I didn’t realize it could be so bad as that. I thought maybe 4x. Not a 2 lane limit. Now I’m surprised that it works at all.

Ran a 7950 off a 1x 3.0 lane with little to no bottleneck, but that might be a little different since there’s little communication when you run a GPU naively, cpu instructions < 144 1440P frames every second in terms of bandwidth

the 2x might happen because a secondary M.2 slot was used that wasn’t the primary and its sharing lanes between the GPU and the secondary M.2

can you take a picture of which slot you have occupied, if any?
if Possible use the Primary m.2 slot so your GPU can run in a higher lane count

So this causes the bad performance?

you can think of it like a network connection, if your internet connection isn’t fast enough, you can’t stream high resolution content without it hitching

since its effectively sending the rendered Frames from one GPU to another (I think that’s how this software works anyway) you PCI-E lanes are how much bandwith you have

The Guest uses the primary GPU slot, because auf the poor IOMMU groups.

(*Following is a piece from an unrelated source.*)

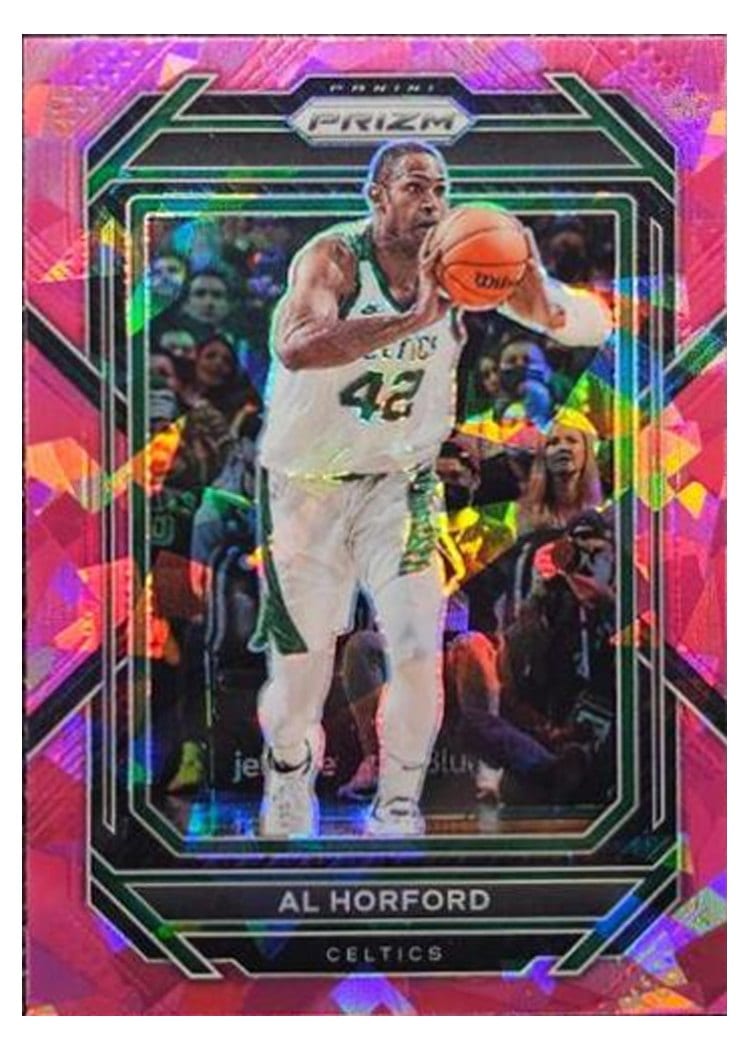 2022-23 Panini Prizm Base Set Al Horford #4 card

The secondary GPU is used by the 1070TI for the host and Im using the M.2 NVME slot. Not sure if it shares the lanes with the secondary GPU slot lanes.

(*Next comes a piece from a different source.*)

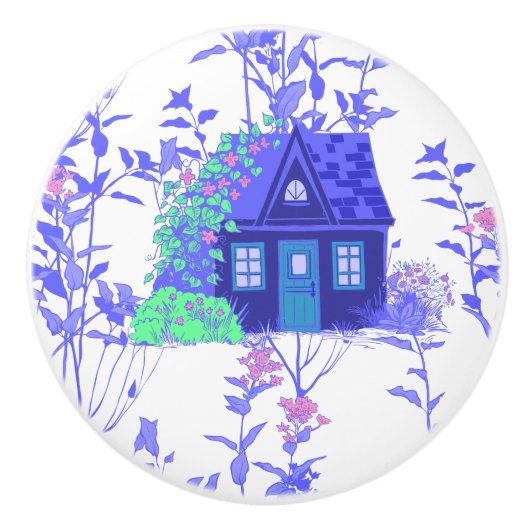 Cottage セラミックノブ (正面)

From the looks of lstopo, it does not seem to share lanes with the NVME.
But below the picture of it:

07:00:0 is the 1070 TI (Host)
08:00:0 is the Rx570 (Guest)

Hmm, I thought that this might only affect the UPS. Do you reckon I should get a better AM4 motherboard if so which would you recommend with good IOMMU groups and enough PCI lanes?

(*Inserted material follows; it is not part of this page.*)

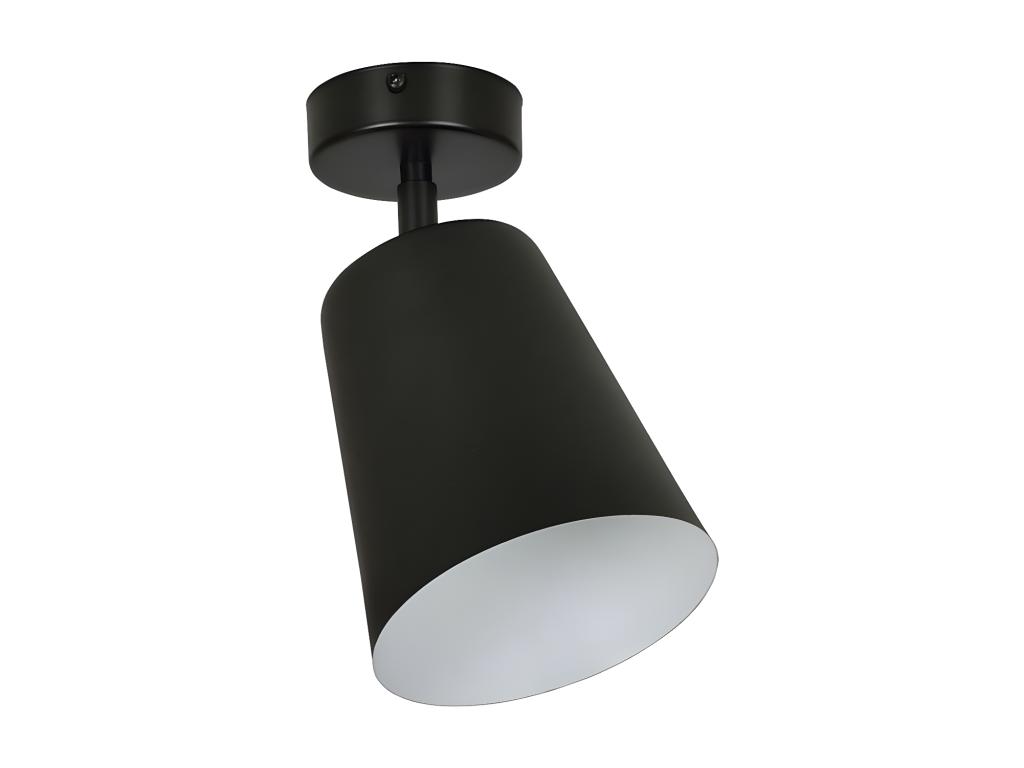 Foco Prism, Negro, 15x30x15 cm, Casaplu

wendell usually exclusively does linux and IOMMU content on motherboards he reviews these days

but before we chalk this up to a bad board layout, might be some other issues that are the cause

I am by no means a linux expert, but the other two guys probably are, in fact Gnif created looking glass (I’m pretty sure anyways)

Ay okay, hope the other two can give me more insight about this then :slight_smile:

Ive looked up some motherboards and this one seems to have 2x PCIe 3.0 x16 slots plus several other nice features. Question is, how are the IOMMU groups :confused:

Okay. I have no idea why my nvidia card sucks as host GPU, but after solving the error 43 problem on my 1070 TI using this tool (https://github.com/Matoking/NVIDIA-vBIOS-VFIO-Patcher).

It suddenly began working without a problem.
Though, the UPS is still limited at 60 but the FPS as well due to my bad MB and its prob bottlenecked.
Host cards sits confortably at 4% utilization.